Arthur le dévisage, et Jim déglutit nerveusement, se disant que peut-être il est allé trop loin d’une façon ou d’une autre. Mais Arthur se met à rire.
— Ça a vraiment une importance ? Je veux dire, tu veux un nom ? Une organisation à laquelle faire vœu d’allégeance ?
Jim hausse les épaules et Arthur rit de nouveau.

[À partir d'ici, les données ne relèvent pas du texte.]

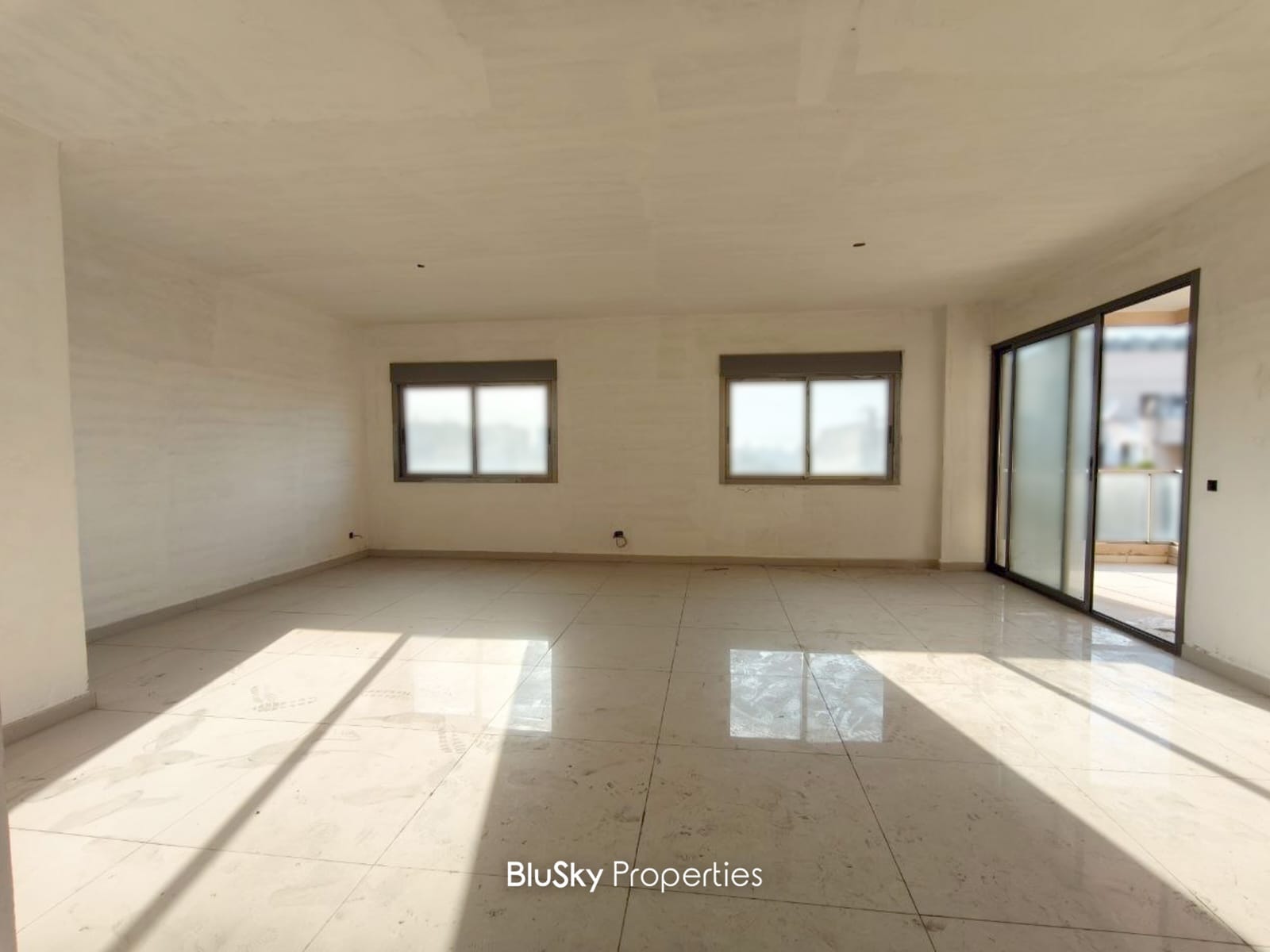 Apartment 150m² for Sale in Sabtieh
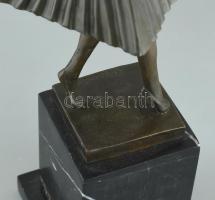 Chiparus jelzéssel: Táncos. Öntött, patinázott bronz, márvány talpon. m: 44 cm
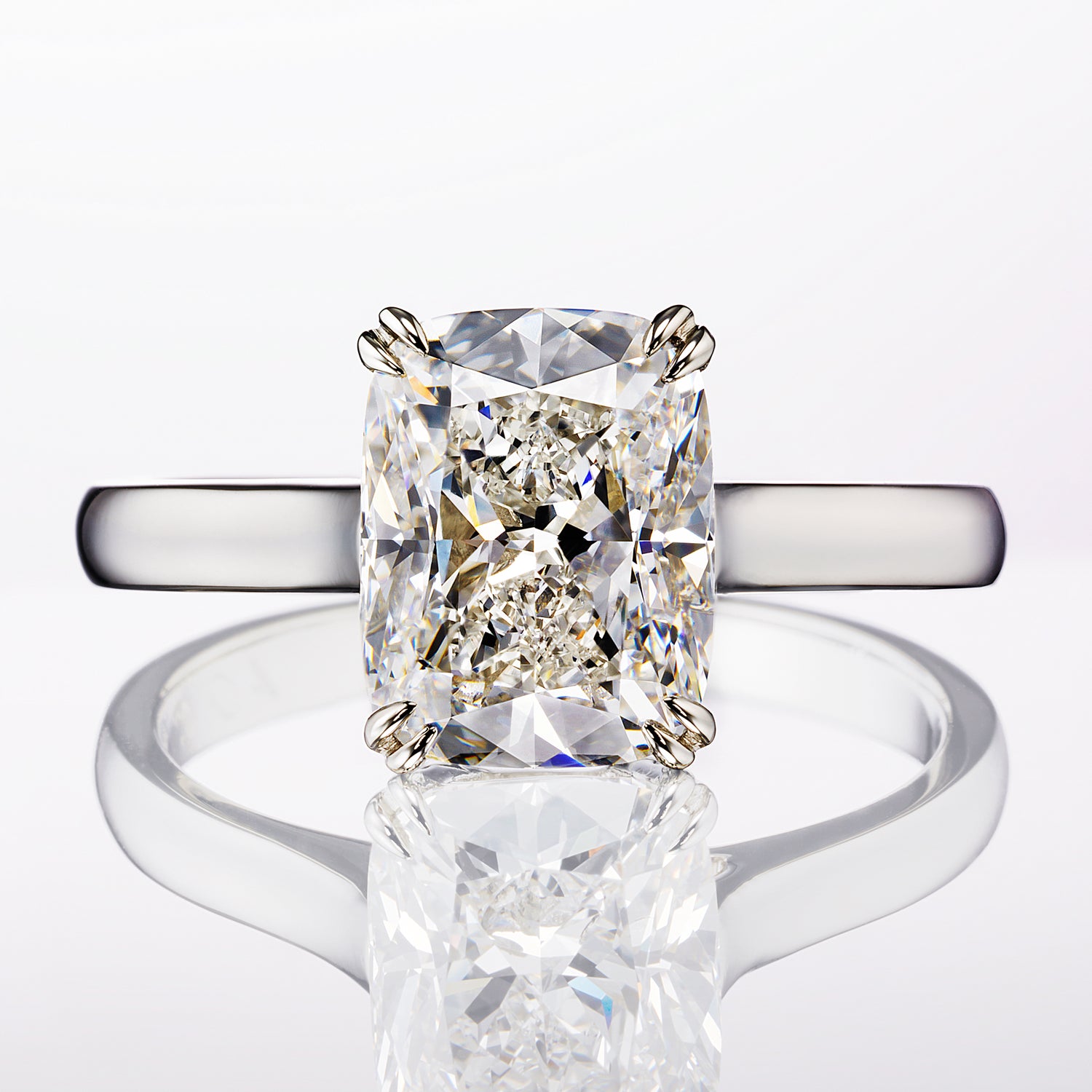 エンゲージメント＆ブライダル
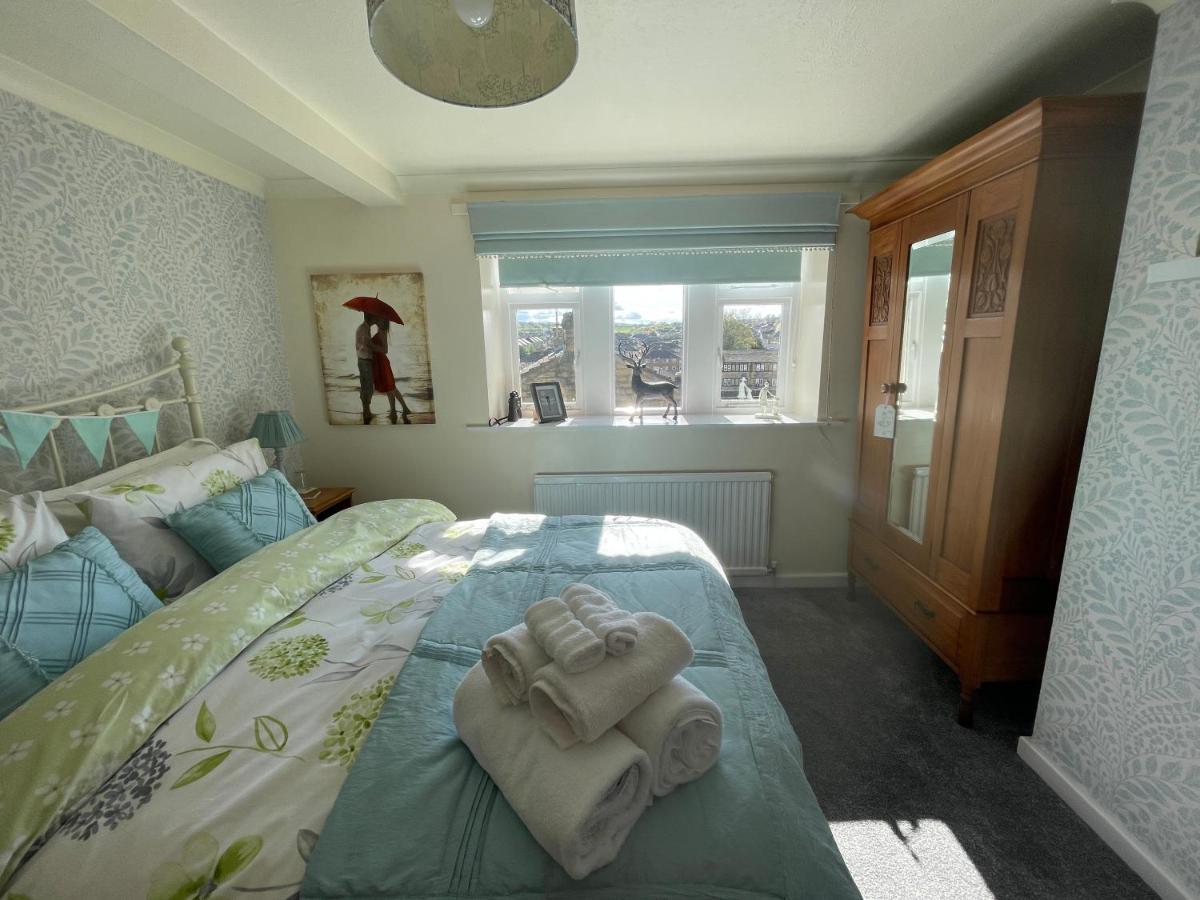 Cute And Cosy 2 Bed Holiday home Honley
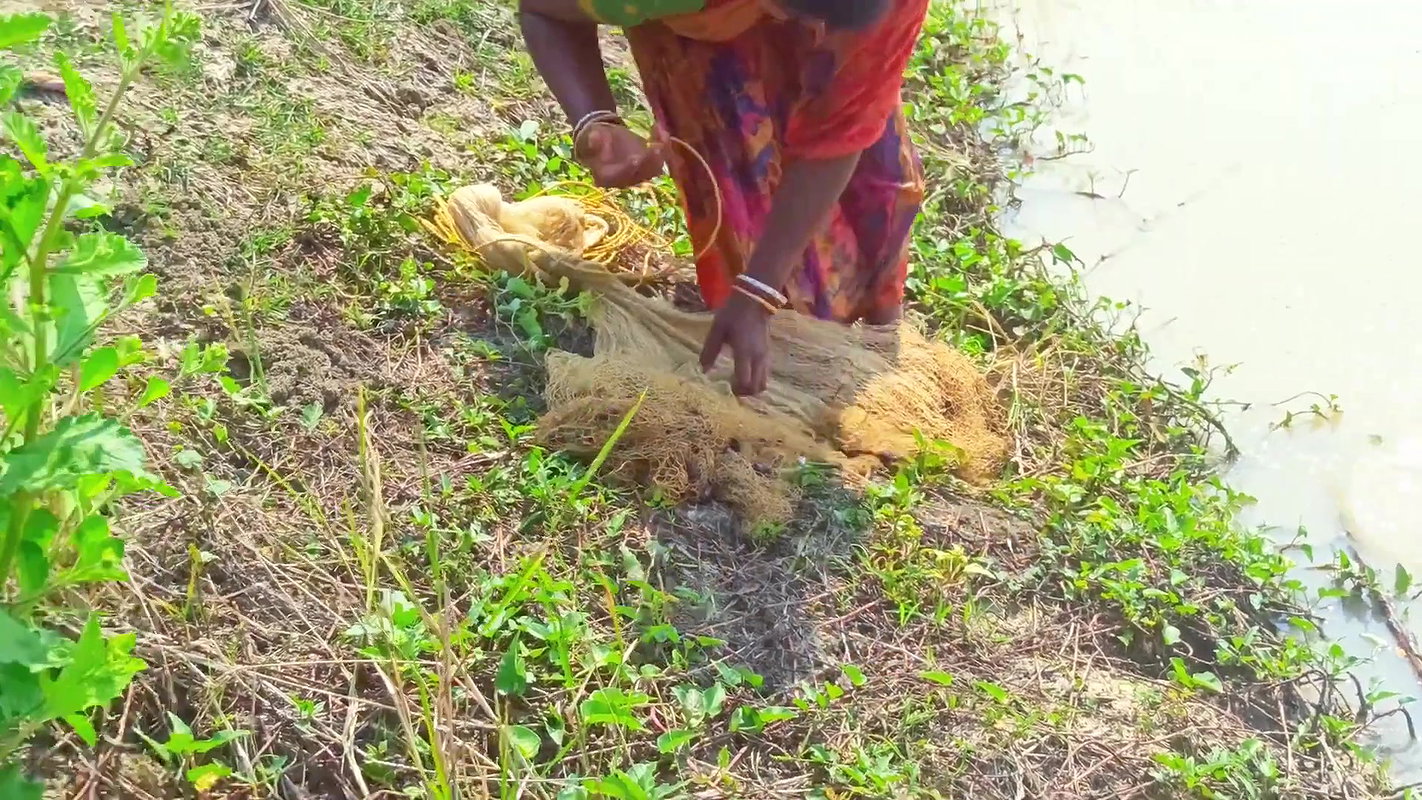 Most Satisfying Cast Net Fishing Video -Traditiona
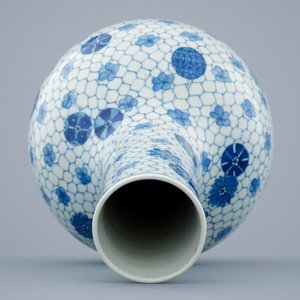 Un vase de forme bouteille tianqiuping en porcelaine de Chine bleu et blanc, 19ème — photo 5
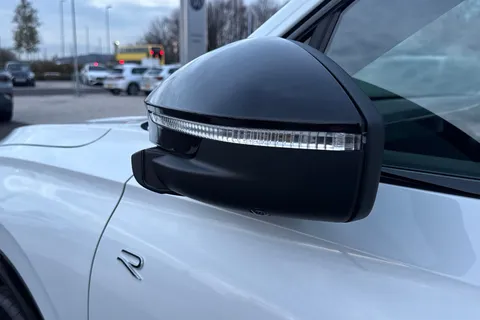 Volkswagen Tiguan 2.0 TSI R-Line DSG 4Motion Euro 6 (s/s) 5dr Thumbnail #29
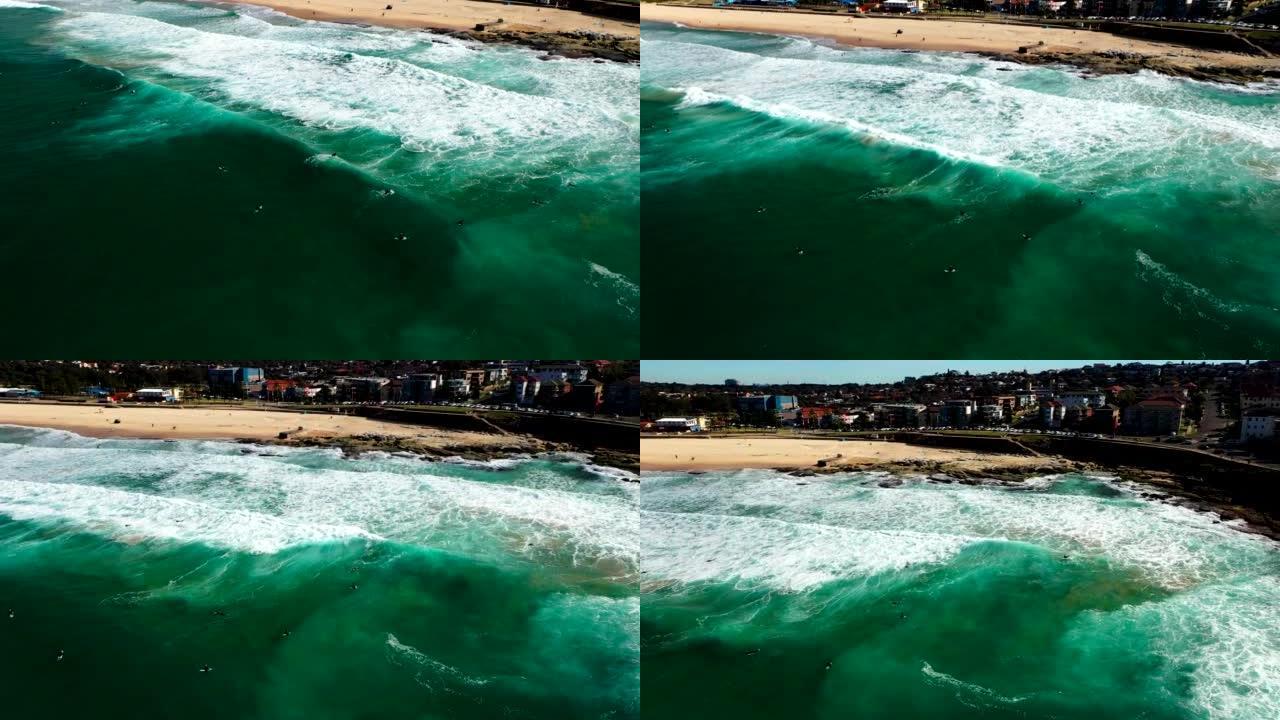 一群冲浪者在悉尼Maroubra海滩的水中等待海浪的无人机拍摄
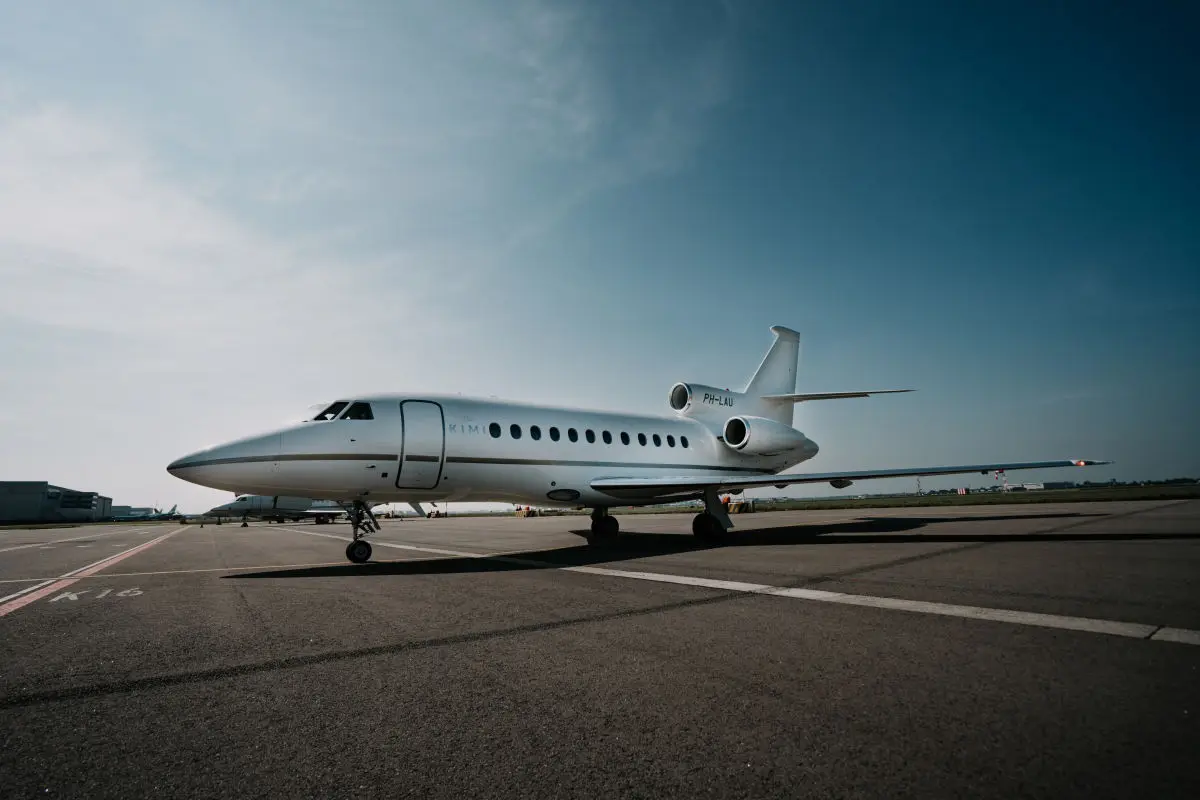 Dassault Falcon 900EX PH-LAU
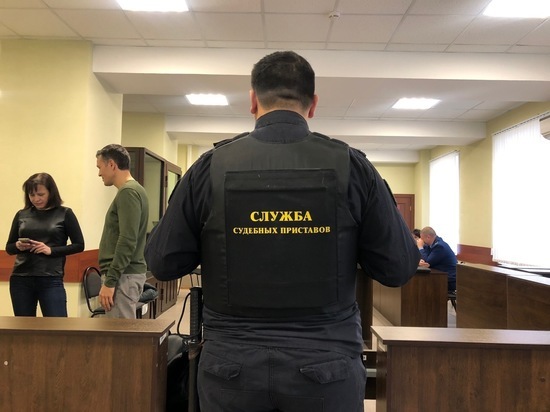 Скачок напряжения: экс-мэр Кимр Литвинов устроил следователям «допрос» в суде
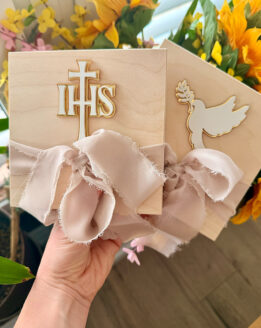 Pudełko komunijne na pieniądze IHS / Gołąbek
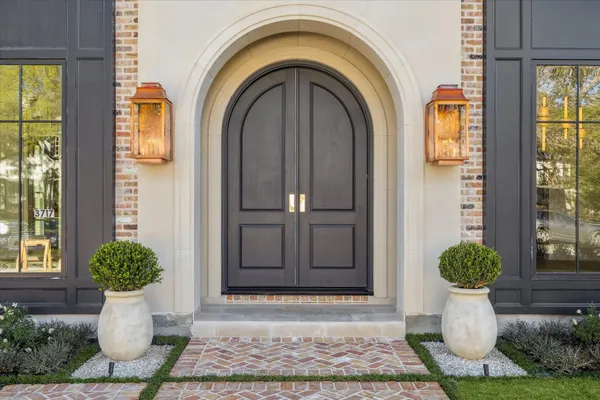 $8,399,000 | 3717 Chevy Chase Drive, Houston, TX 77019
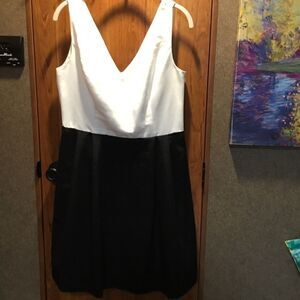 NWT. Jessica Simpson Brand Women’s Size 10 Dress Black & White Keyhole Back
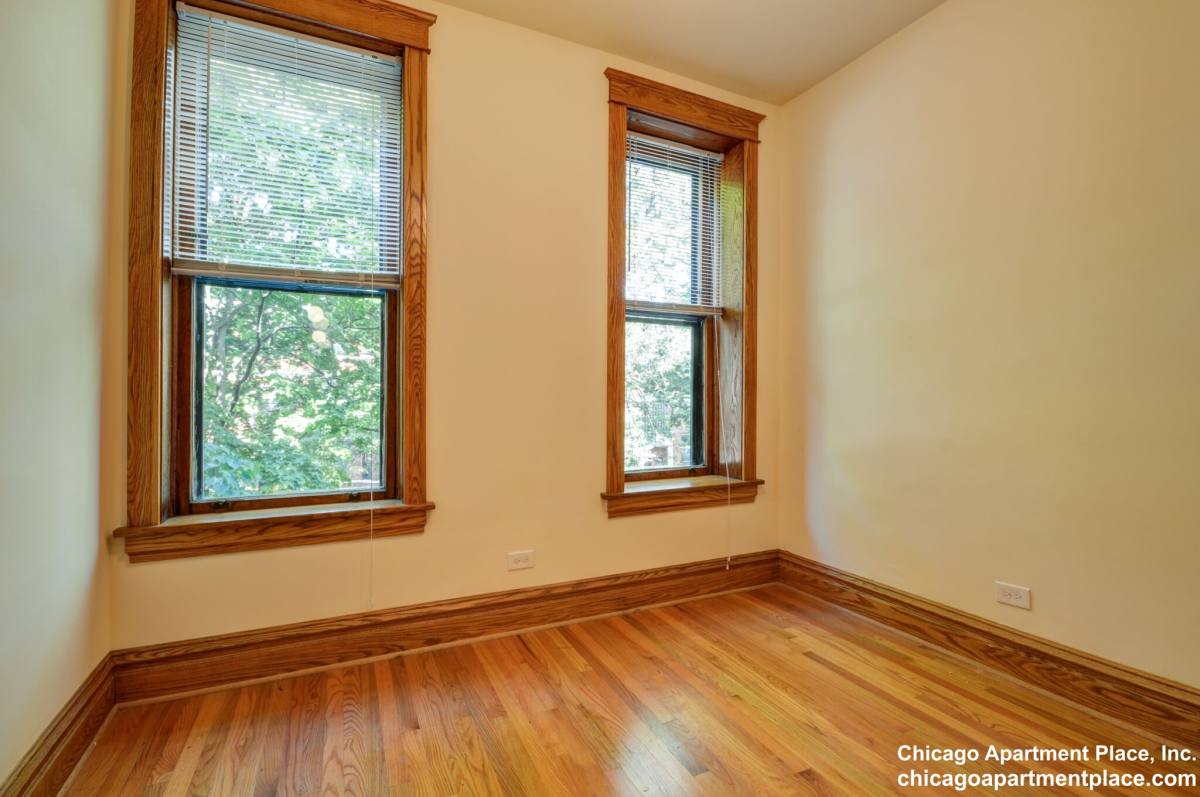 Apartment for rent at 3724 N Fremont St #3, Chicago, IL 60613
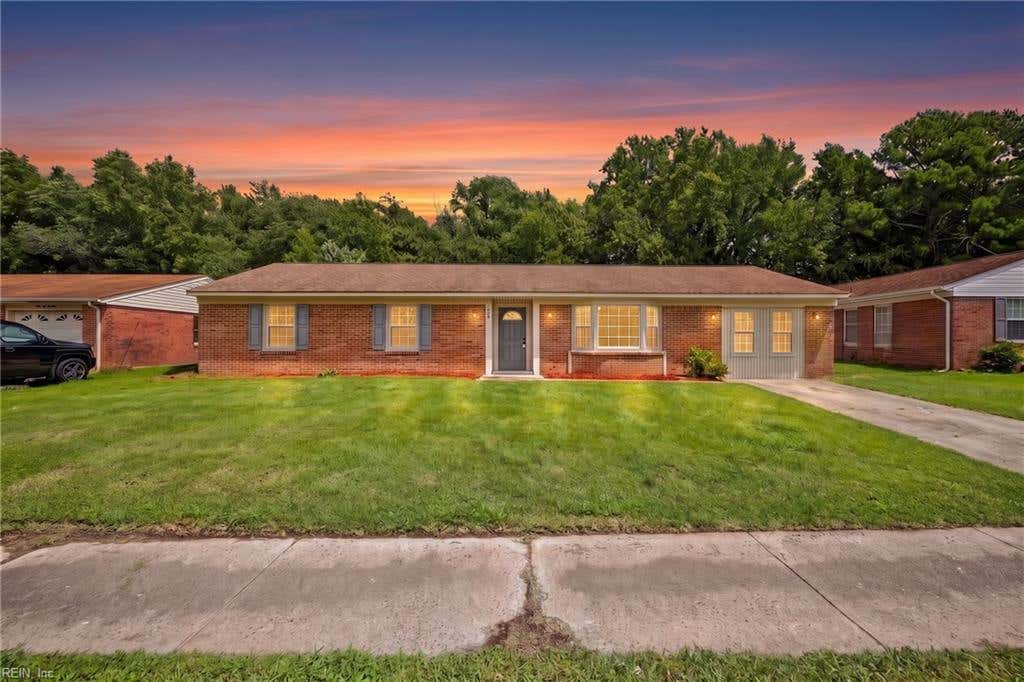Photo of 978 Strickland Boulevard, Virginia Beach, VA 23464 (MLS # 10648005)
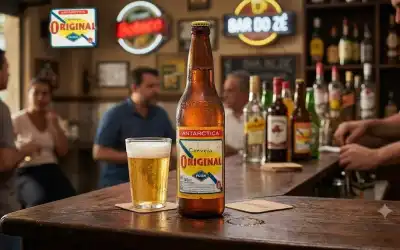 Garrafa e copo de Original Pilsen gelados sobre balcão de boteco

— Un peu démodé, non ? La vérité, c’est que c’est beaucoup plus compliqué que tu ne le crois sans doute, en cela qu’il y a plus d’un prétendu groupe derrière tout ça. En fait, nous stimulons un grand nombre d’actions indirectement. C’en est au point que la moitié des attaques dont tu entends parler ne sont pas de notre fait. Et ça semble faire boule de neige.
— Mais nous, Arthur ? Toi. Qui te fournit, pour qui est-ce que tu travailles ?
Arthur le fixe, sérieux.
— Je ne veux te donner le nom de personne, Jim. Si tu ne peux pas travailler avec moi sur cette base, tu ne peux pas. Je suis socialiste et pacifiste. Je reconnais que mon pacifisme a changé de nature depuis que j’ai décidé de rejoindre la résistance contre les industries d’armement. Mais, comme je te l’ai dit, les méthodes que j’ai essayées auparavant – discuter avec les gens, écrire, monter des groupes de pression, participer à des manifestations et à des sit-in –, aucune d’entre elles n’a eu d’impact tangible. Mais, pendant que je faisais ça, j’ai rencontré toutes sortes de socialistes. On aurait pu croire qu’il n’en restait pas un seul en Amérique.